‘Tis The Season Of The Christmas Party – How To Ditch The HR Hangover
'Tis the season of the Christmas do. Festive music, tinsel, mince pies… and the seemingly inevitable next day headache for the HR department.
It’s a prospect that can fill even the most festive of employers with dread.
So, how do you throw a successful Christmas party and ditch the HR hangover?
Like most things during the yuletide season, it’s all about planning. You wouldn’t leave it until Christmas Eve to do all your shopping (Okay, but that was only once) and throwing a work party is no different.
Give yourself ample time to sort the details. Christmas parties are an extension of the workplace, so it’s an employer’s responsibility to ensure that everybody is considered during the planning. Is the location disability friendly? Are there non-alcoholic drink options available? If food is involved, does it cater for people’s dietary requirements? Taking individual needs into account will ensure that every employee can enjoy the party equally and fairly.
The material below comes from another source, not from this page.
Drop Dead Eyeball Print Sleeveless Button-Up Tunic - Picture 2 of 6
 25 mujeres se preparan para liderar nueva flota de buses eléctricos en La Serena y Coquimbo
Don’t make it compulsory. It’s normal to want to encourage comradery within a workplace, but some peole just have an incurable aversion to Wham! and that can’t be helped. Making it optional ensures that attendees actually want to be there and will create a better atmosphere all round.
While parties are a great way to celebrate a year of hard work, it can be easy to get carried away with the Christmas spirit and forget it’s still a work function. Consider reminding your employees of your company policies, especially on conduct, disciplinary and social media, to minimise the chance of someone spoiling the festive fun.
If you offer an open bar, organising designated drivers or other transport can be a preemptive strike against having to deal with less-than-sober, stranded employees later in the evening. You should also be prepared to ask individuals to take it easy if you feel the drinking could go too far, no one wants to be the office Grinch but it’s important to remember that you’re still an employer and have an obligation to keep things under control.
And finally, as a rule employers and managers should avoid discussing the four P’s with any employee during the party – performance, pay, promotion and personal feelings. In the more relaxed setting of a party, and perhaps after a few drinks, discussing these topics tends to be a risky business. Keep this kind of talk during work hours to avoid saying something that might be regretted the next day.
Your Christmas party should be a moment to remember, not a night to forget!